Controlled fluorination involves what Van Beek calls "tricks." One common approach is to add a diazo group (N2), then in a subsequent reaction, substitute it with hydrogen fluoride, hydrogen tetrafluoroboride, or sodium tetrafluoroboride. Halogen substitution is another trick. In involves controlled chlorination, then replacement with fluorine.
Halex has been carried out for years by reacting chlorinated aromatics with such alkali metal fluorides as potassium fluoride, rubidium fluoride or cesium fluoride. The reaction takes place above 400 C (or at 200-230 C if using an aprotic solvent such as sulfolane). Even though producers may catalyze the reaction with quaternary ammonium salts, metal carbonyls, crown ethers, or cryptates, the reaction is still slow.

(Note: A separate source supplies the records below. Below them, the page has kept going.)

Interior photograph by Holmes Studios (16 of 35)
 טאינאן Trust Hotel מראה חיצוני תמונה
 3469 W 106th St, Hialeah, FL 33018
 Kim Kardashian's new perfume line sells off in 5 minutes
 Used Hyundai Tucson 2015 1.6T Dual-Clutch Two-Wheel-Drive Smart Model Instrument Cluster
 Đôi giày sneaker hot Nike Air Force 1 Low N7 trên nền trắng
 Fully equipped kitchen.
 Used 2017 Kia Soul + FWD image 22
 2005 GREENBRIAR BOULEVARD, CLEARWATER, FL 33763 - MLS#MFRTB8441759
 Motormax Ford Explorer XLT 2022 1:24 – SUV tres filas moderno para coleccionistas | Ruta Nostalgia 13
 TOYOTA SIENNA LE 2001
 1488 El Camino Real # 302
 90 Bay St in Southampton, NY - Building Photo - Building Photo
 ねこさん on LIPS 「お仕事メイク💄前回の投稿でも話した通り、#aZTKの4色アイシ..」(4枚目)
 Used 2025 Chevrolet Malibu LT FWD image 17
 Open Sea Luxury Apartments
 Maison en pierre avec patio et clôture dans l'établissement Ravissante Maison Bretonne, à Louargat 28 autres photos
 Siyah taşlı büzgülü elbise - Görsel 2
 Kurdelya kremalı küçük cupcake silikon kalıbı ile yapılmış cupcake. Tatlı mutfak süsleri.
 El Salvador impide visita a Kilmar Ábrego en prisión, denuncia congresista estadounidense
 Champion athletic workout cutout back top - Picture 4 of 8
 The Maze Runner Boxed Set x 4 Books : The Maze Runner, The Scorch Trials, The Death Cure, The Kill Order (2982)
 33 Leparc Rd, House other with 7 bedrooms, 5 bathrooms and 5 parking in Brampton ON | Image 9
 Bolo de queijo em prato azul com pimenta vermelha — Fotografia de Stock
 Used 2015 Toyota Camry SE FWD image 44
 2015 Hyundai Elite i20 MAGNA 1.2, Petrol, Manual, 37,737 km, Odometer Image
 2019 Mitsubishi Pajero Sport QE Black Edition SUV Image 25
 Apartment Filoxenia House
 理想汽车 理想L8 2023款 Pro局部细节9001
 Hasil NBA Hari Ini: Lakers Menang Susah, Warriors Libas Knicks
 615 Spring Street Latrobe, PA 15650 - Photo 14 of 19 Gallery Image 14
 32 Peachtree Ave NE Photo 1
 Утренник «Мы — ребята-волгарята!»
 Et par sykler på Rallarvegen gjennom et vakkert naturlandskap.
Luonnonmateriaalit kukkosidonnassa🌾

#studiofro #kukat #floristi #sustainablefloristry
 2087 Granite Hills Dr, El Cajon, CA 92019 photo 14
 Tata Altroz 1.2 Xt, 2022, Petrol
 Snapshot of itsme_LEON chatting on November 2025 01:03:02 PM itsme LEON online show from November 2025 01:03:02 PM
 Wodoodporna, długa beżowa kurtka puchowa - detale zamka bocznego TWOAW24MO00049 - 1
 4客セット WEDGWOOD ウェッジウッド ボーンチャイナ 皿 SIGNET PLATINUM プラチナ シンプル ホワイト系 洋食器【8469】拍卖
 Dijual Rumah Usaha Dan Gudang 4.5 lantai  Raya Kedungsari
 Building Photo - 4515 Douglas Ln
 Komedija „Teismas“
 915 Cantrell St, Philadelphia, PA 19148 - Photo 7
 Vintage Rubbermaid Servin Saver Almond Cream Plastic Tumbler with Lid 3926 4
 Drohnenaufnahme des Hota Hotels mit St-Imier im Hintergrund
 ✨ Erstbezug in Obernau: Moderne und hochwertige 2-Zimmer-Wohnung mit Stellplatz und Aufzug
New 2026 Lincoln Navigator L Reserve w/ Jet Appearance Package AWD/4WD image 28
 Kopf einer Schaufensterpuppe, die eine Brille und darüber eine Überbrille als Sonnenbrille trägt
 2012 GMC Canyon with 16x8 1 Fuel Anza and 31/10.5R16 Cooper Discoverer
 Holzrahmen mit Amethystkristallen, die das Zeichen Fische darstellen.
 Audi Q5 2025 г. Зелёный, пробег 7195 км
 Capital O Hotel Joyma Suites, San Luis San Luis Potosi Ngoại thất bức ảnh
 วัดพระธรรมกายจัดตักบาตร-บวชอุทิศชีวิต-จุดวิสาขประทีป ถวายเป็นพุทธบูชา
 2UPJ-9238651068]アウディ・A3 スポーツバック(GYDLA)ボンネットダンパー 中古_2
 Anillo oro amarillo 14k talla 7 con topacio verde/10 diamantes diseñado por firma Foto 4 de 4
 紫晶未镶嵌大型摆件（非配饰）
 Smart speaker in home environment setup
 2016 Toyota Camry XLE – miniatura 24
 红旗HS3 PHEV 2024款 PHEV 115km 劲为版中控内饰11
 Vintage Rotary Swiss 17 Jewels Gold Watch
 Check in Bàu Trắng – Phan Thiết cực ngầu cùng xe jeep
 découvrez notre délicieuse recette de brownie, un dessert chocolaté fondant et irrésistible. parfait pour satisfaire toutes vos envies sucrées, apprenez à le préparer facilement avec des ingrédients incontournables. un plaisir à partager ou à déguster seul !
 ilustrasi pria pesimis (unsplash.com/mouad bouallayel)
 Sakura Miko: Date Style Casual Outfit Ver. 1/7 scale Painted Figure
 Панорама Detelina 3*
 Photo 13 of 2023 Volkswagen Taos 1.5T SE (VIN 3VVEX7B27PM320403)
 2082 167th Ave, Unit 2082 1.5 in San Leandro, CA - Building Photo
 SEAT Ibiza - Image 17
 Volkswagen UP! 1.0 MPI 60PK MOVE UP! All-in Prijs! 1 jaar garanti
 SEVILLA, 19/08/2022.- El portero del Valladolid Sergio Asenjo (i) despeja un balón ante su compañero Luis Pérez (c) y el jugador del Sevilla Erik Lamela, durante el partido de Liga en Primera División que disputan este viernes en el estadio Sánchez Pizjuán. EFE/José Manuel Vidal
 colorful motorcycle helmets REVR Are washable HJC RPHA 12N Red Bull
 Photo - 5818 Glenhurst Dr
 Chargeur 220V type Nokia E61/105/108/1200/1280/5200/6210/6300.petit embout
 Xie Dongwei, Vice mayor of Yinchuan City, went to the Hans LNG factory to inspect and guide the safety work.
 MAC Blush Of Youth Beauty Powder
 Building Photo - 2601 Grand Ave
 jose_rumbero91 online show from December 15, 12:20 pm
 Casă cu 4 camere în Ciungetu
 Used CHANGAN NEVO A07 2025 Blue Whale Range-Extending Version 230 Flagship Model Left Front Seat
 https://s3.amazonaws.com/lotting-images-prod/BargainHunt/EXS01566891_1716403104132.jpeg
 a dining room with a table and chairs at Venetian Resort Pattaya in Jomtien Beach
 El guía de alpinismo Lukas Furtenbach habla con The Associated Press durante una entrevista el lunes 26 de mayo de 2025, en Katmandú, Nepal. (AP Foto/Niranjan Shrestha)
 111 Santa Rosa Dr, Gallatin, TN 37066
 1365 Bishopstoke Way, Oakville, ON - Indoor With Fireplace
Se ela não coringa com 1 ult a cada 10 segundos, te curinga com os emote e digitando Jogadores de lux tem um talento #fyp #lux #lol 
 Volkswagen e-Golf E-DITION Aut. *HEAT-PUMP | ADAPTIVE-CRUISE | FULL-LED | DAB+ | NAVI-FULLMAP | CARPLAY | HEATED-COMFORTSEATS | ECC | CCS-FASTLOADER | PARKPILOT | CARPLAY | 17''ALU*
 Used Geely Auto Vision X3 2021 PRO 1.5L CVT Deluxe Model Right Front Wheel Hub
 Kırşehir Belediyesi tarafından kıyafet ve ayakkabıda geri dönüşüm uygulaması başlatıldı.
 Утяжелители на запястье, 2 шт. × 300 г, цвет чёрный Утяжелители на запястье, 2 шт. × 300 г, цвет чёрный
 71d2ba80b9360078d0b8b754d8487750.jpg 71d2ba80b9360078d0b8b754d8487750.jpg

Worse, the reaction has fairly low yields of polyfluorinated aromatics. A typical halex route to fluorinated boron metallocene cocatalysts, for example, would start with hexachlorobenzene and potassium fluoride. It would typically yield hexafluorobenzene (the desired end-product) as well as a mixture of chlorofluorobenzenes coproducts.
Albemarle is mum about the exact chemistry involved. It has, however, received several patents pertaining to halex chemistry. These include Halogen exchange reactions (US 5,824,827, Oct. 20, 1998) and Catalysis in halogen exchange reactions (US 5,965,781, Oct. 12, 1999).
The former describes an anhydrous alkali metal fluoride-haloaromatic mediated with an aminophosphonium catalyst, such as tetrakis(diethylamino)phosphonium bromide. The second patent describes a treatment to improve the efficiency of tetra(dihydrocarbylamino)phosphonium halide, a halex catalyst.
The company will not comment on the relevancy of the patents. It does note that it has received many patents and has filed many more patents involving fluorine.
Reactions
Meanwhile, Van Beek is happy to discuss what the company's new halex technology can do. The company's approach allows it to fluorinate many substrates, position multiple fluorines on the molecule, substitute fluorines, and leave a halogen in position for latter substitution to yield pentafluorobenzene, bromopentafluorobenzene, or alkyl pentafluorobenzene (see image).

Conventional halex technology can usually attach the first two fluorines, but finds it much more difficult to achieve substitution in the meta position. Albemarle has demonstrated the ability to fluorinate the meta position. "When you want to attach fewer than five or six fluorines, our technology gives you better selectivity than with conventional halex catalysts," says Van Beek. "We see higher yields, better reaction conditions, and better selectivities."